### EXTRACTED RECORDS ###

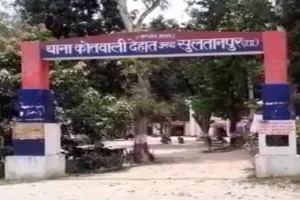 सुलतानपुर: सउदी अरब भेजने के नाम पर ऐंठा 21 हजार रुपए और एक तोला सोना, पीड़ित की पत्नी ने दर्ज कराया मुकदमा 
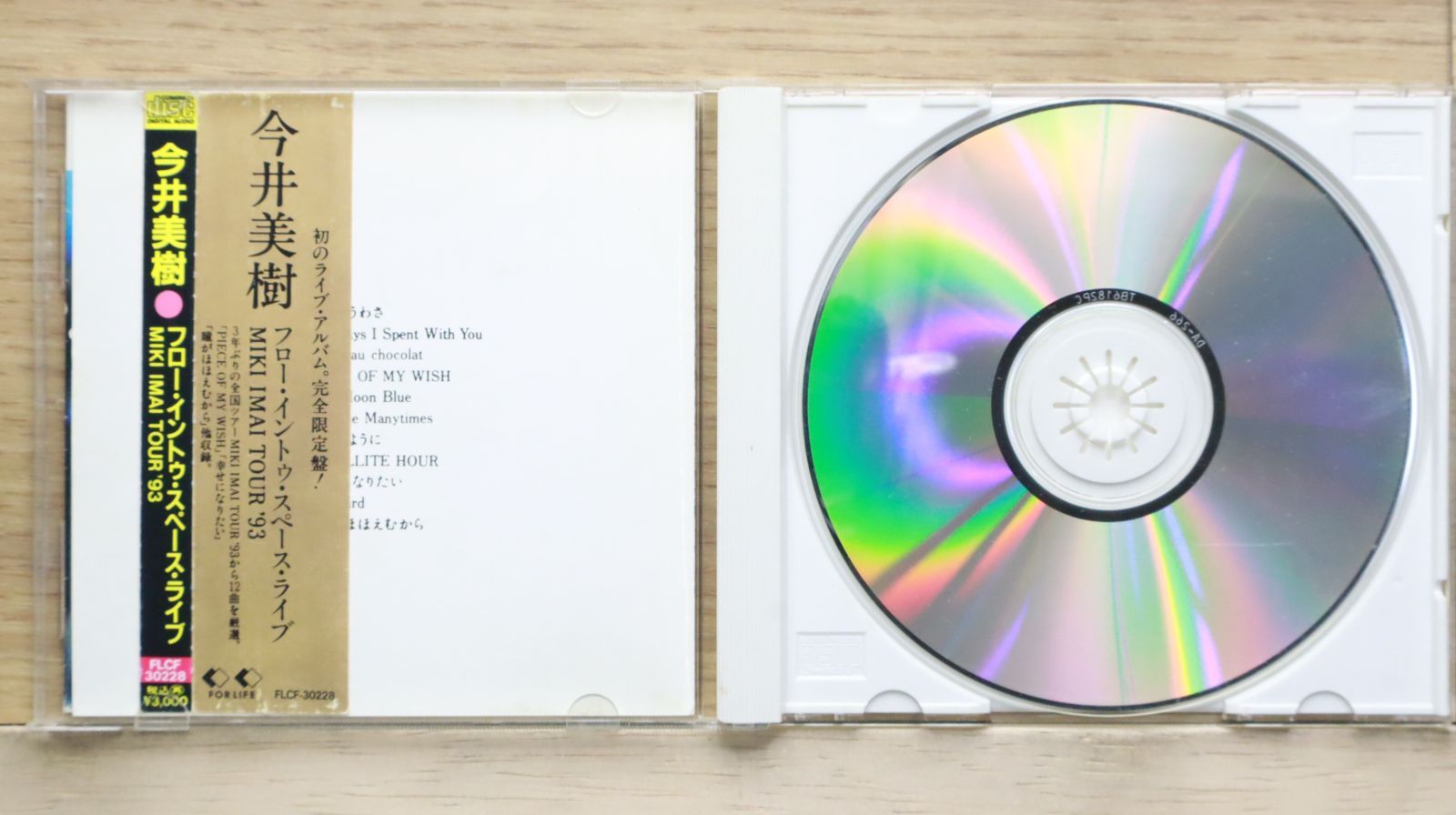 国内盤CD☆今井美樹/Miki Imai□ Flow into Space: Live Miki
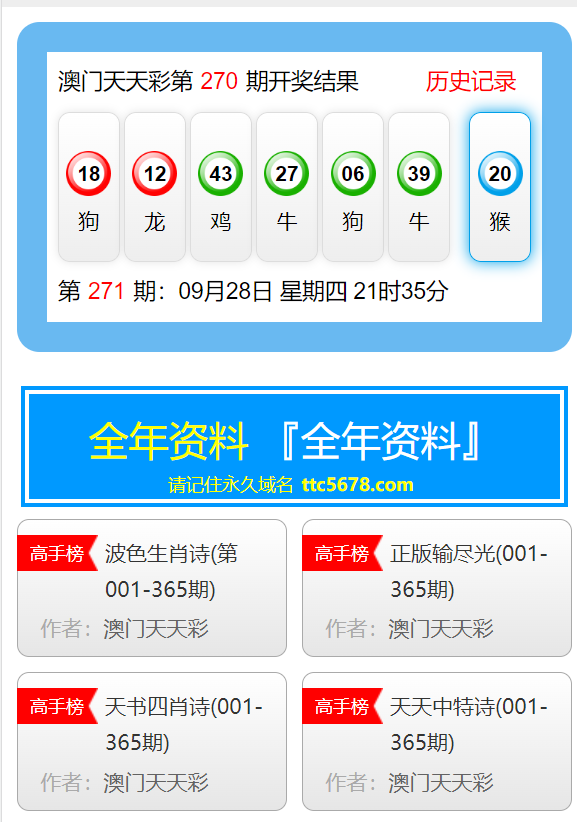澳門免費天天彩資料查詢，最新規(guī)則定義及個性版RHC541.03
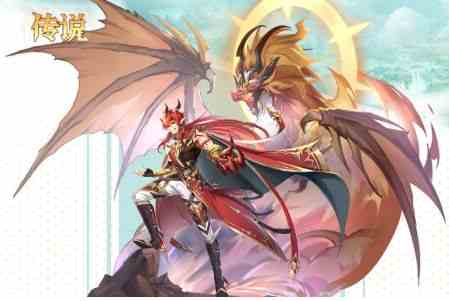 奧奇傳說手游重回夢之島活動攻略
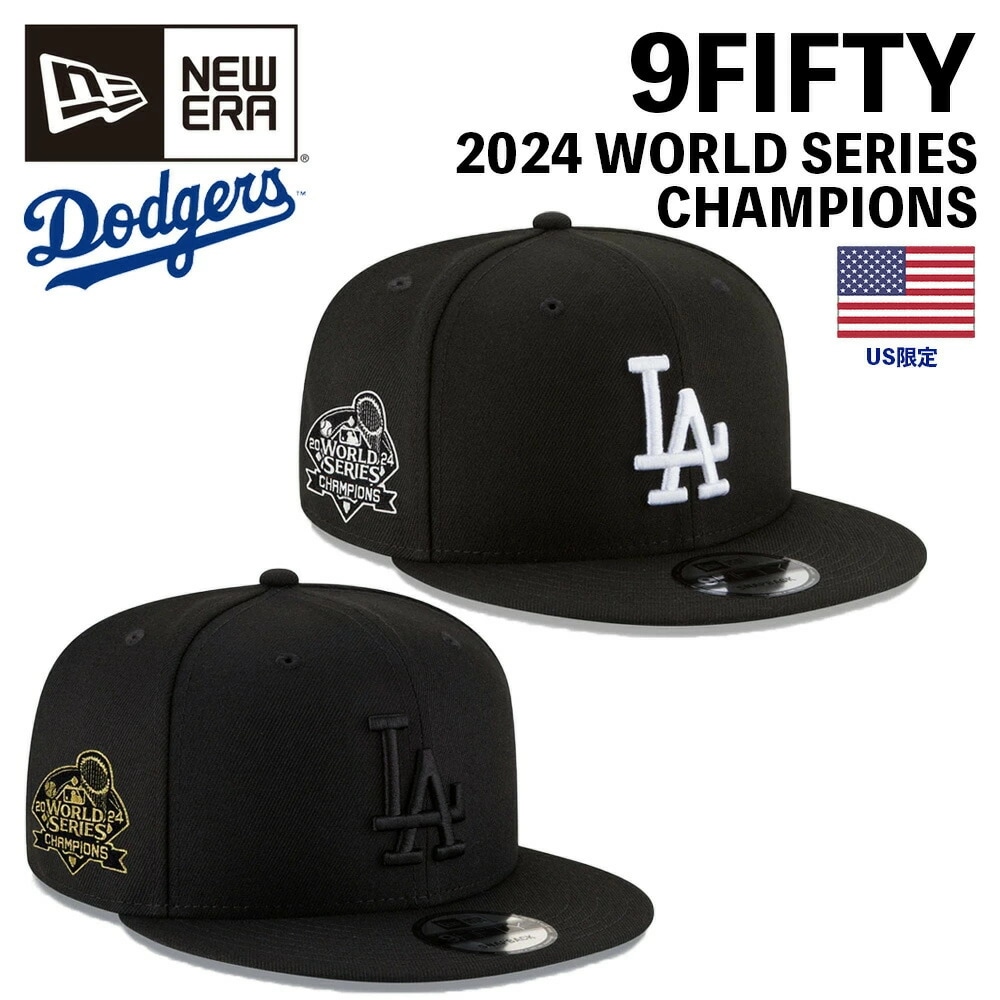 祝 ドジャース ワールドシリーズ優勝／ ニューエラ ドジャース キャップ 9FIFTY LA US限定 MLB DODGERS LAD WORLD SERIES CHAMPIONS モデル ブラック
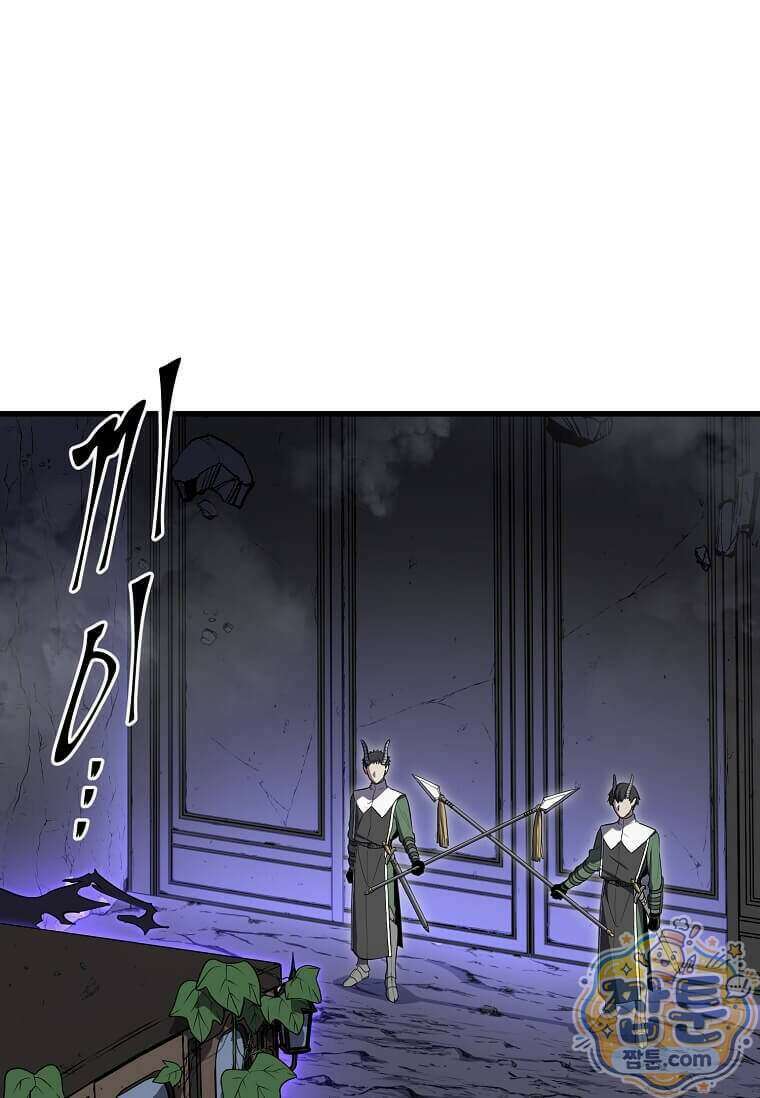 스킬빨로 레벨업 161화 15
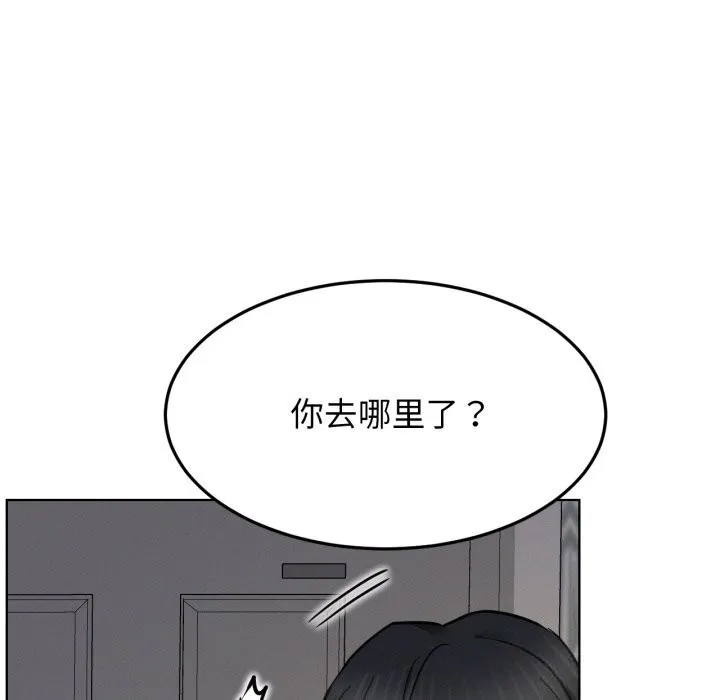 屋檐下的光第88話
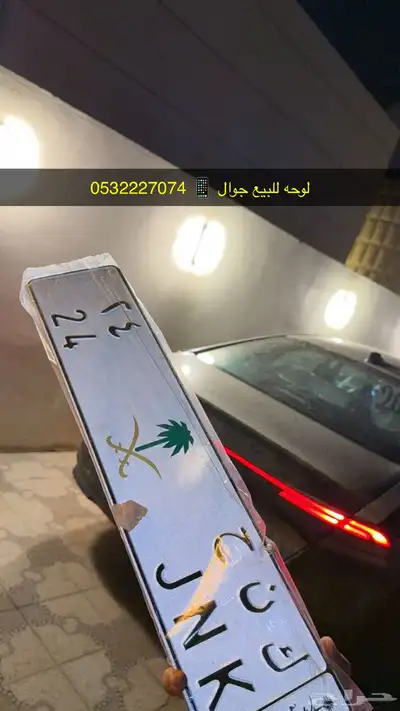 لوحه مميزه 24 0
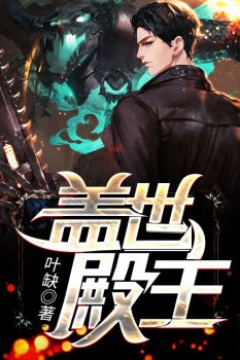 盖世殿主，重临都市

###

Without including any picture, set down every line above exactly as it stands.

*REPLY TO THE TASK:*
 सुलतानपुर: सउदी अरब भेजने के नाम पर ऐंठा 21 हजार रुपए और एक तोला सोना, पीड़ित की पत्नी ने दर्ज कराया मुकदमा 
 国内盤CD☆今井美樹/Miki Imai□ Flow into Space: Live Miki
澳門免費天天彩資料查詢，最新規(guī)則定義及個性版RHC541.03
 奧奇傳說手游重回夢之島活動攻略
 祝 ドジャース ワールドシリーズ優勝／ ニューエラ ドジャース キャップ 9FIFTY LA US限定 MLB DODGERS LAD WORLD SERIES CHAMPIONS モデル ブラック
 스킬빨로 레벨업 161화 15
 屋檐下的光第88話
 لوحه مميزه 24 0
 盖世殿主，重临都市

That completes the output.